■ **Task description**: Pictures stay out of the copy. Retype exactly, and only, the lines from the one containing "Habilleuse pour mariée avec Bijoux" through the end of the listing below.

■ **Provided information**:

☆ ☆ ☆ ☆ ☆

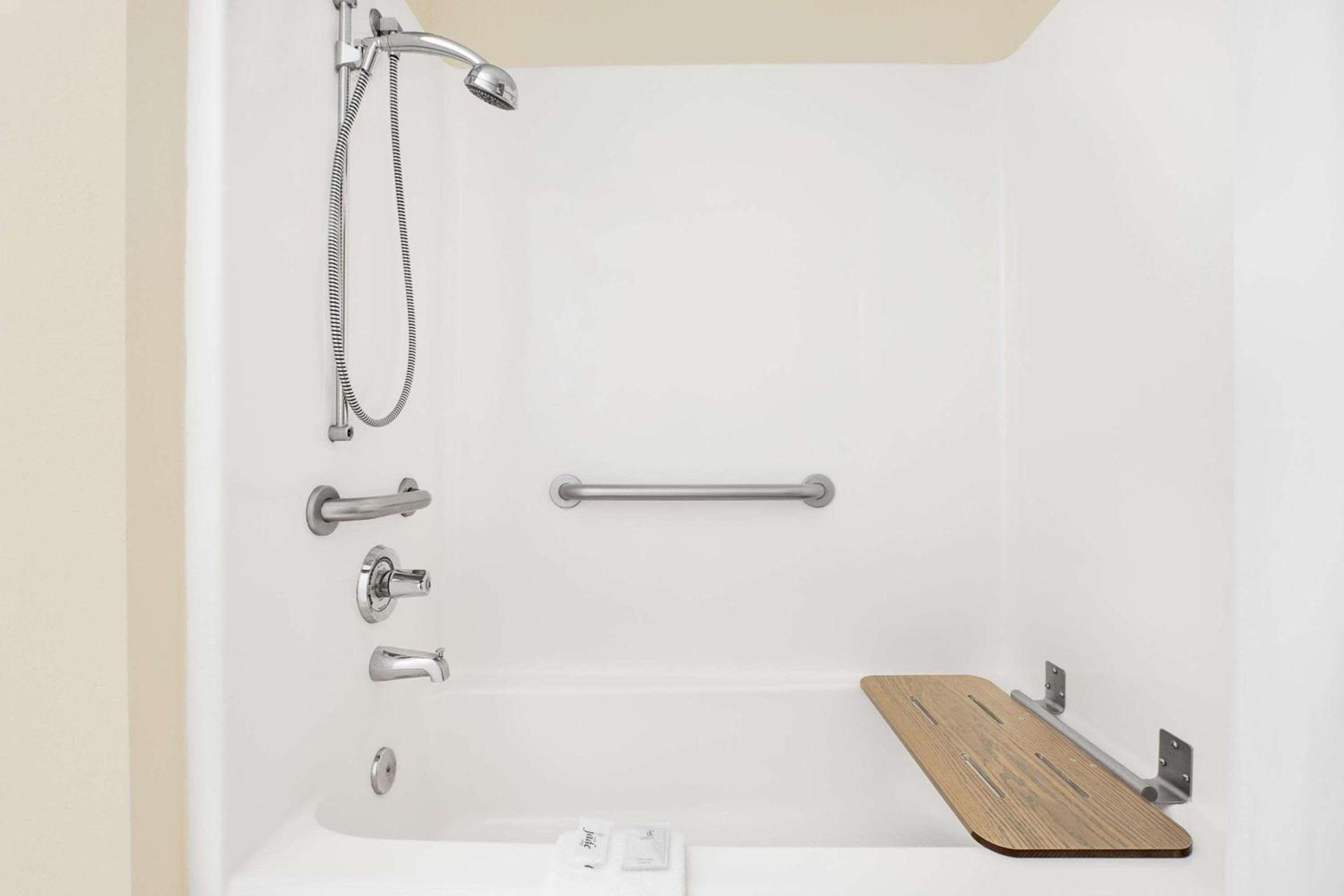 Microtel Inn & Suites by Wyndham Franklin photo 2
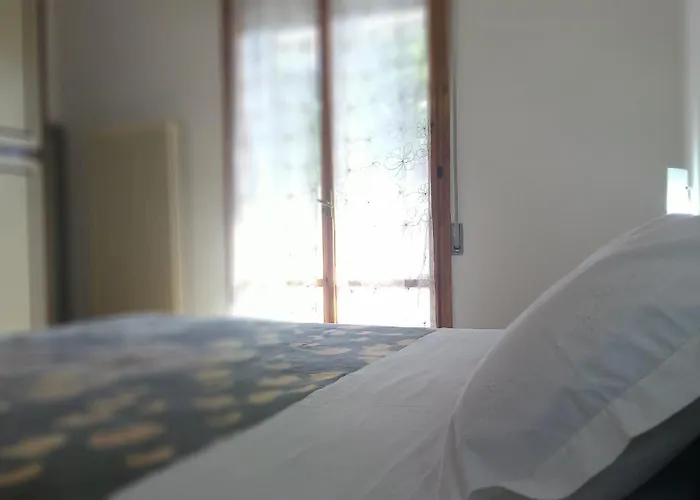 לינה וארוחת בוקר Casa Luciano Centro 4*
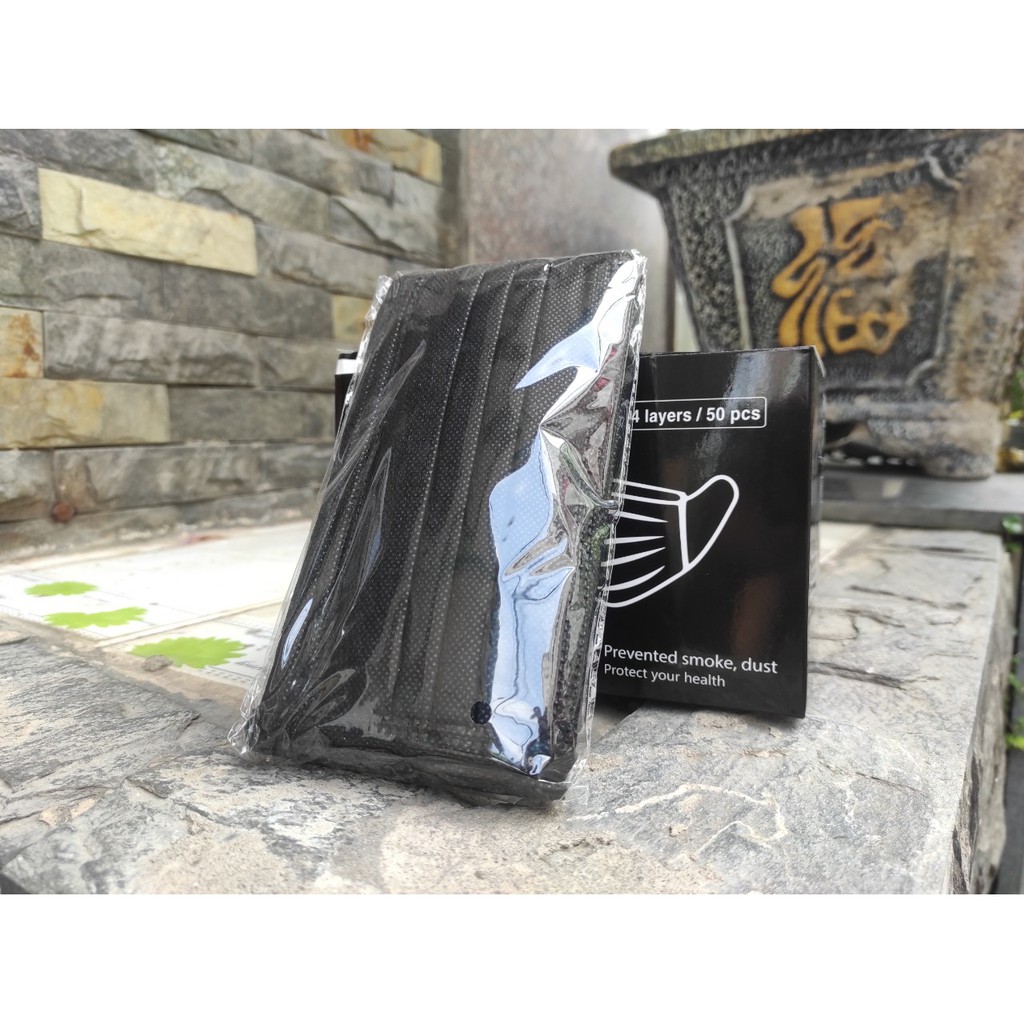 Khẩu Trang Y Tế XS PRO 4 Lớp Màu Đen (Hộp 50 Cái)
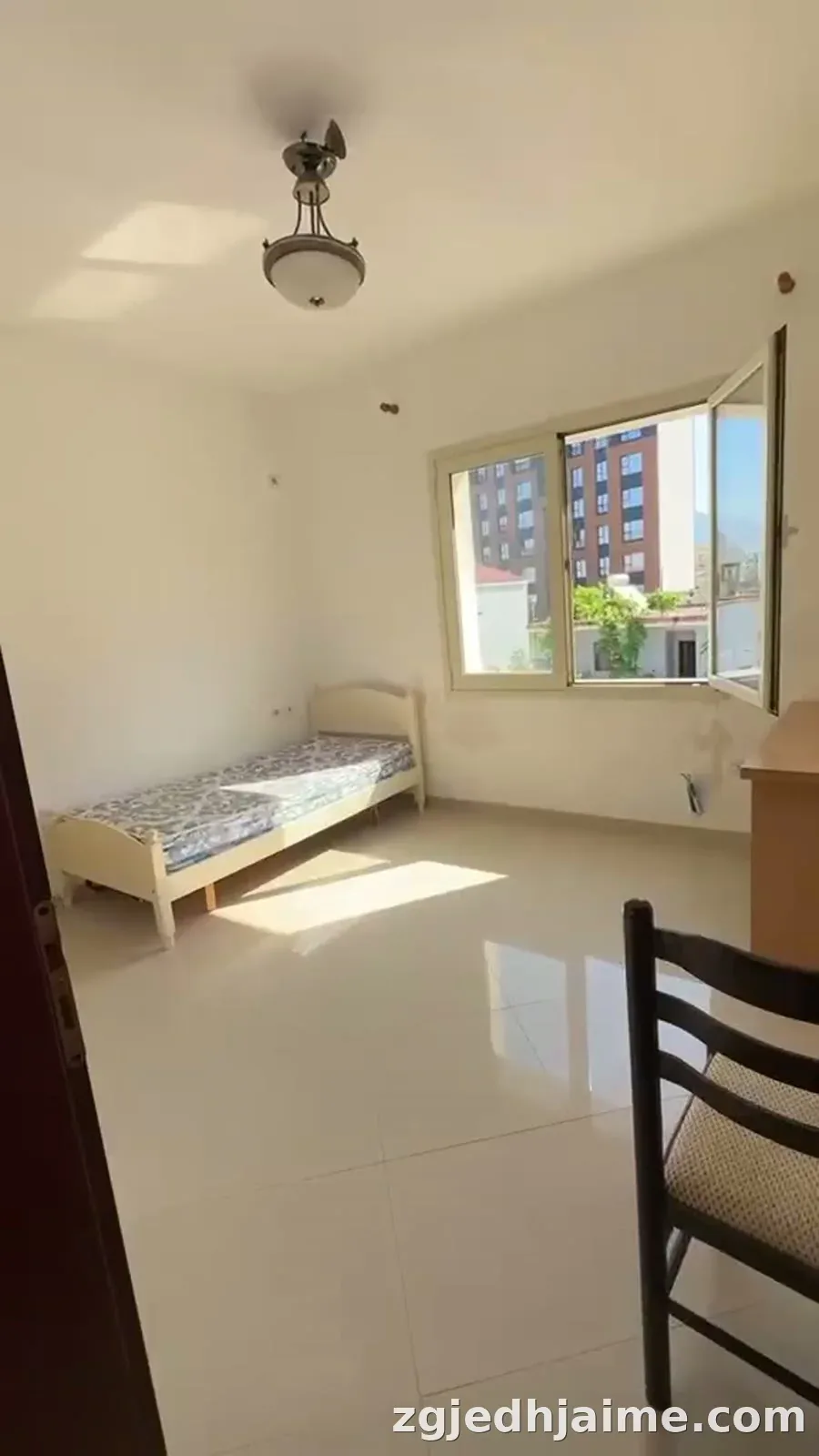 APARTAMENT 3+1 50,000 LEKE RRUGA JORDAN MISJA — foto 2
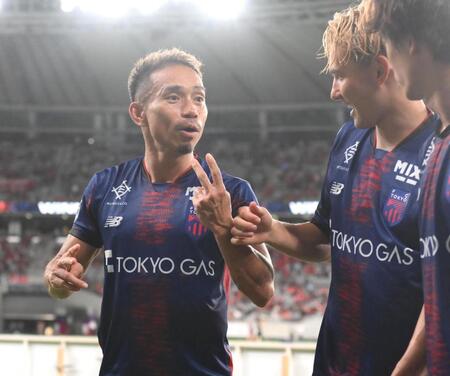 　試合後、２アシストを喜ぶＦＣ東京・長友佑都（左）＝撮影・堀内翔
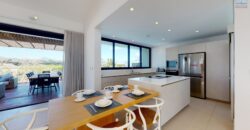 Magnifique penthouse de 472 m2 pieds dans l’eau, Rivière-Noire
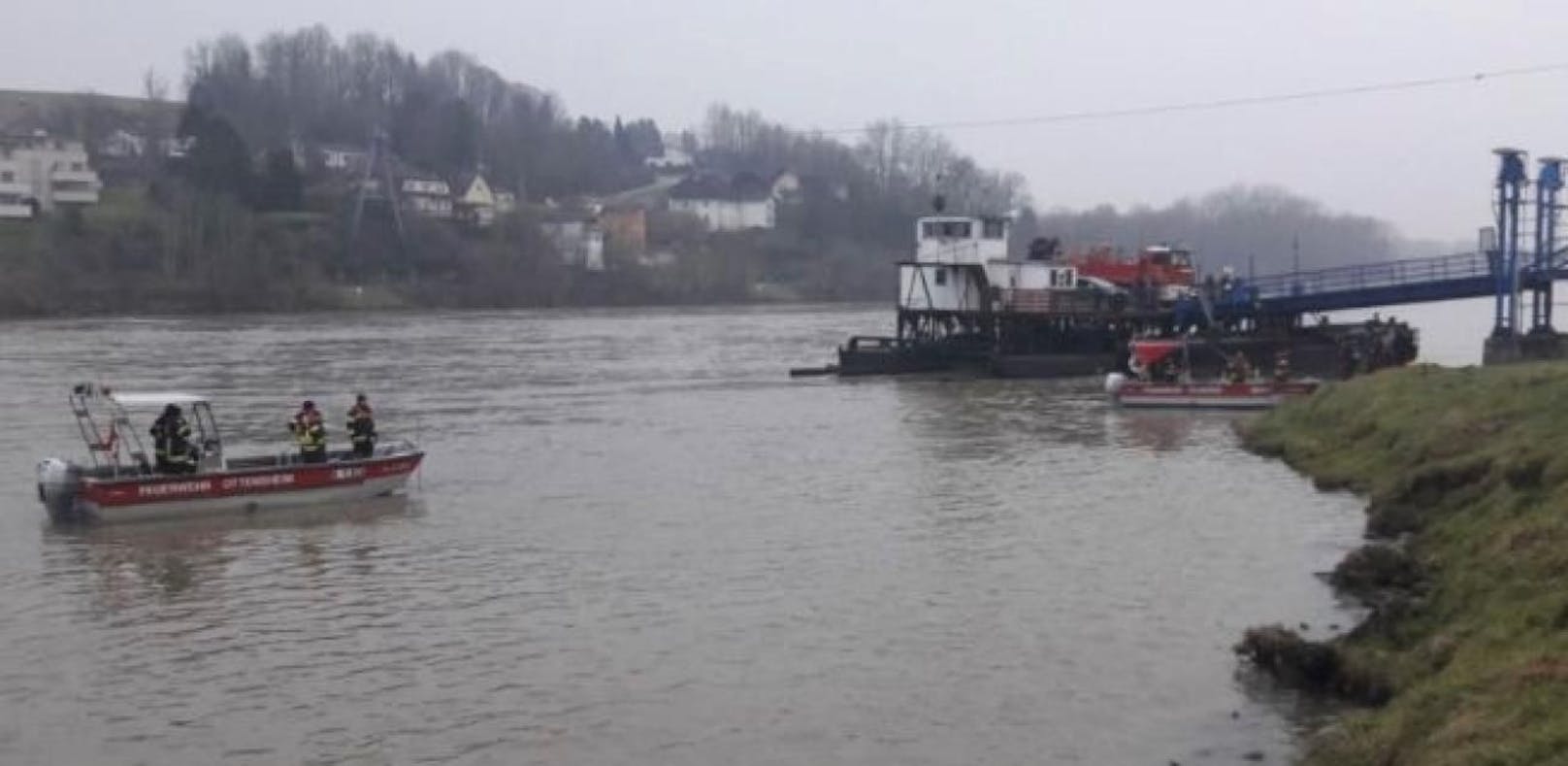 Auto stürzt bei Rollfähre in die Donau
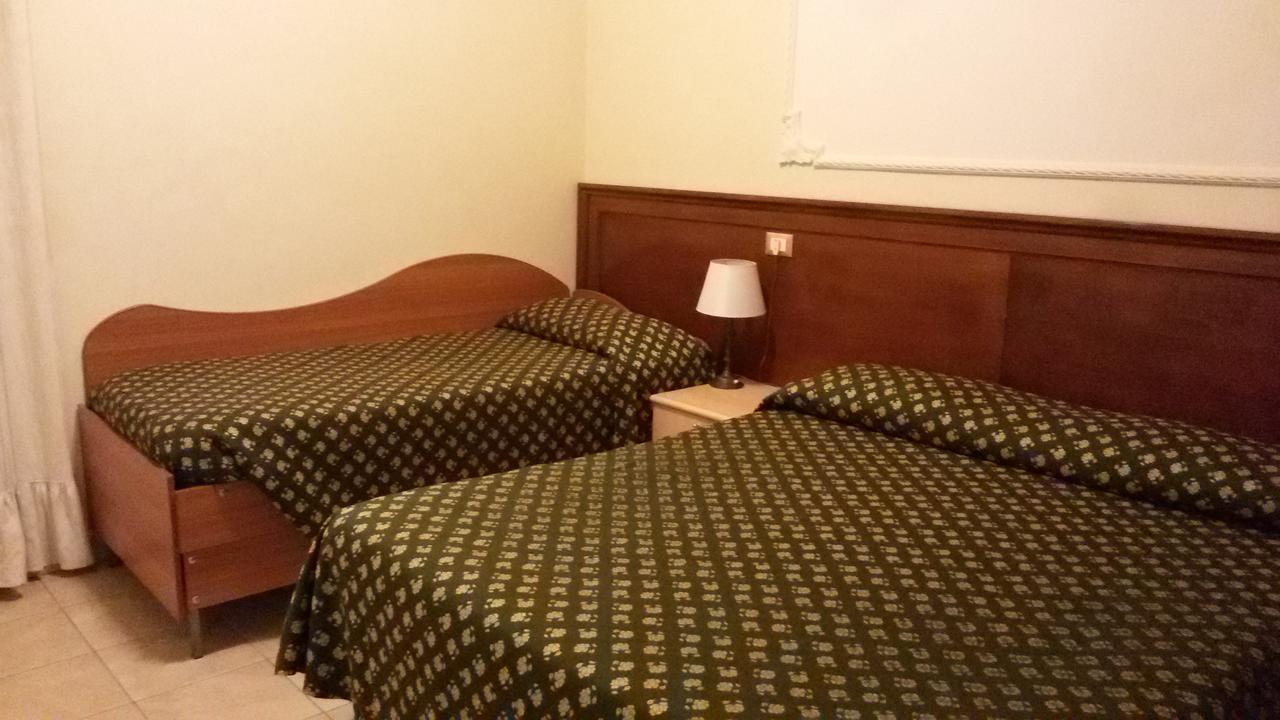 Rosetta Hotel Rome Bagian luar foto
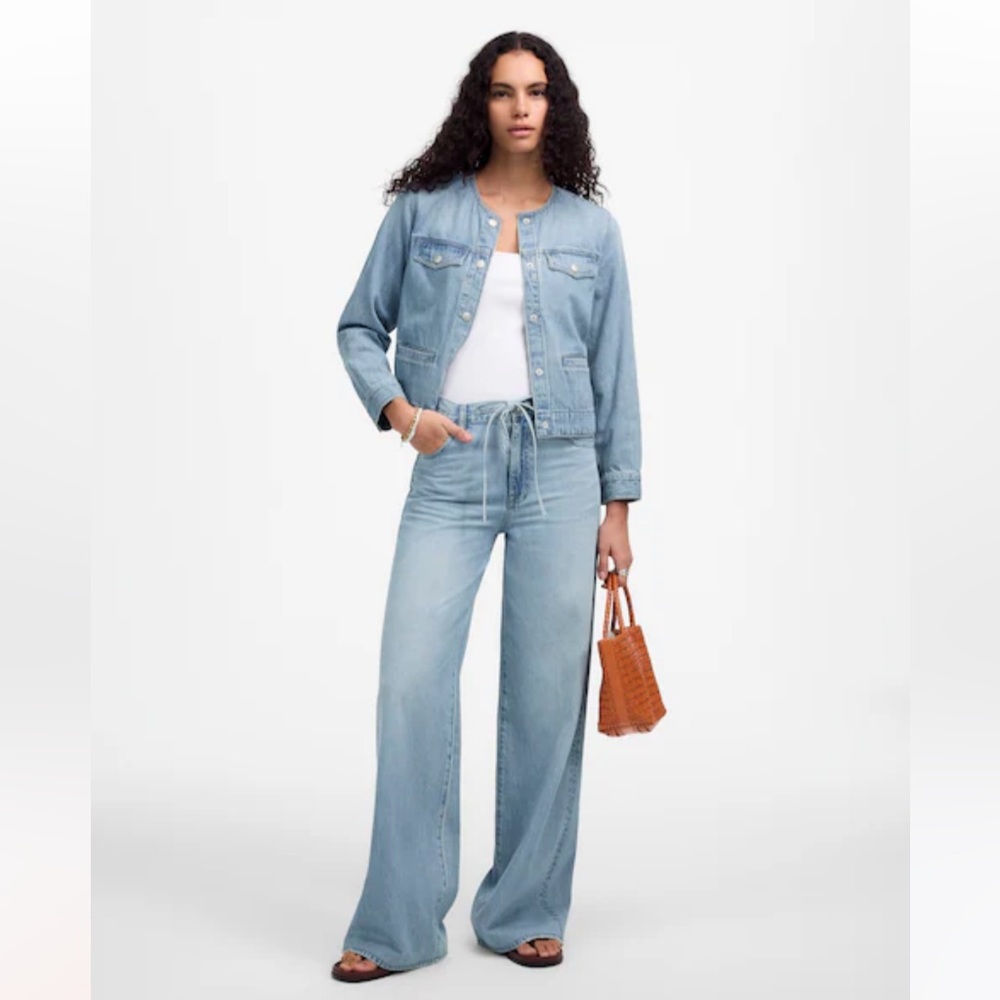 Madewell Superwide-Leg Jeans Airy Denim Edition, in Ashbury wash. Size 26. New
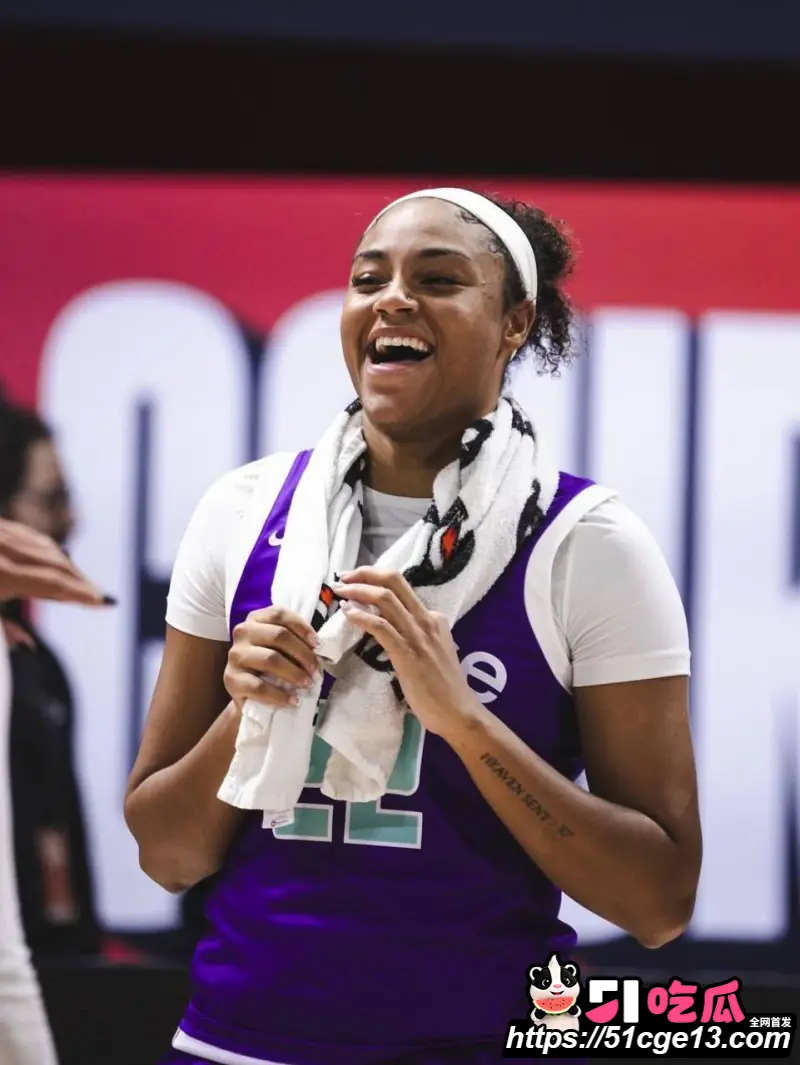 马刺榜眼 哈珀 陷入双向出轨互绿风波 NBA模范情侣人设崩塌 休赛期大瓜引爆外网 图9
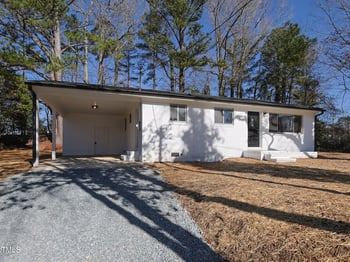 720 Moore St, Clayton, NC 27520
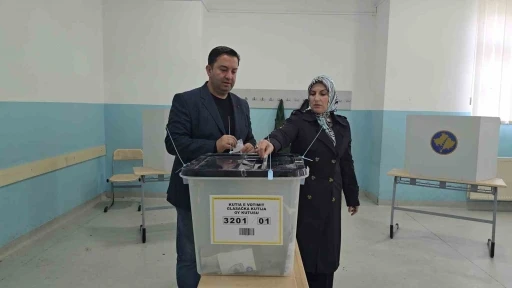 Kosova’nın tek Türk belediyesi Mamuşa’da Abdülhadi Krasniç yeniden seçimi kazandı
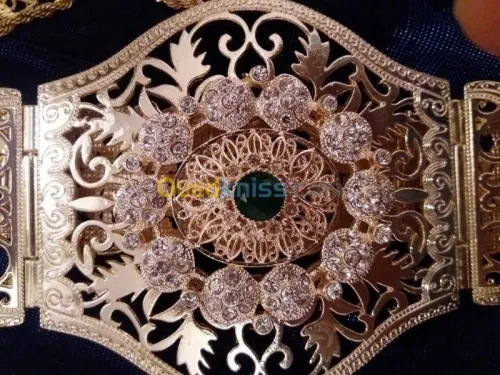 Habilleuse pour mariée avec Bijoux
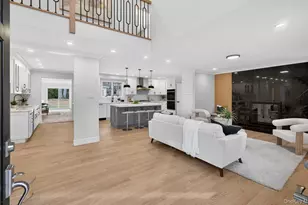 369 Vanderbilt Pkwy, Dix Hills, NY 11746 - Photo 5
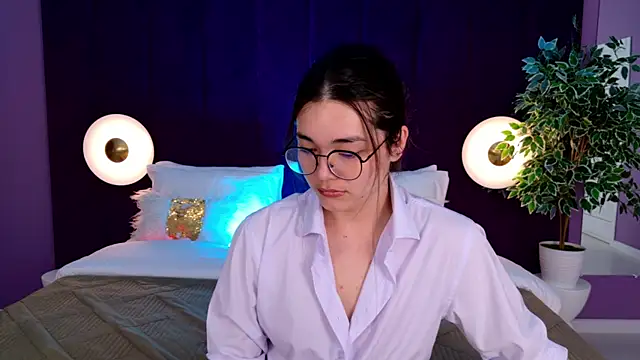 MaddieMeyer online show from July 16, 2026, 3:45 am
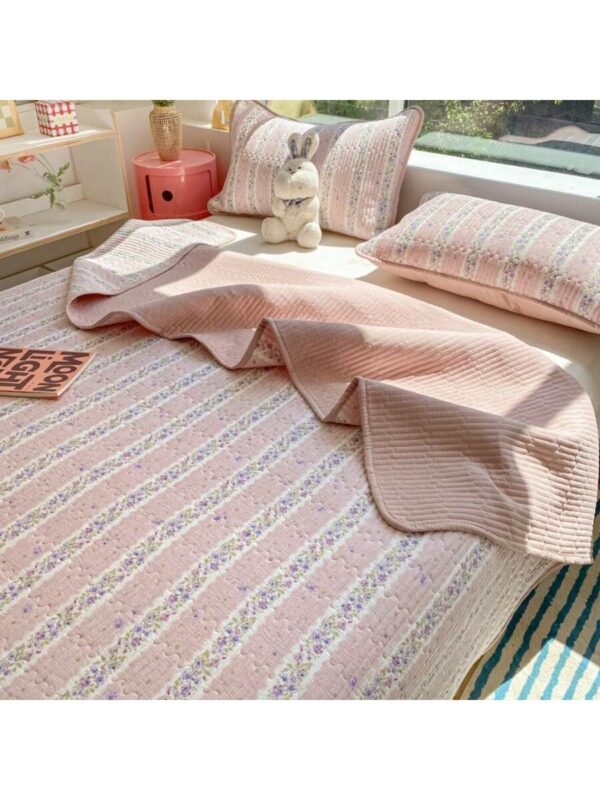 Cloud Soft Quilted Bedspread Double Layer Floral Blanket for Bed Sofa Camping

☆ ☆ ☆ ☆ ☆

■ **Result of the exercise**:
 Habilleuse pour mariée avec Bijoux
 369 Vanderbilt Pkwy, Dix Hills, NY 11746 - Photo 5
 MaddieMeyer online show from July 16, 2026, 3:45 am
 Cloud Soft Quilted Bedspread Double Layer Floral Blanket for Bed Sofa Camping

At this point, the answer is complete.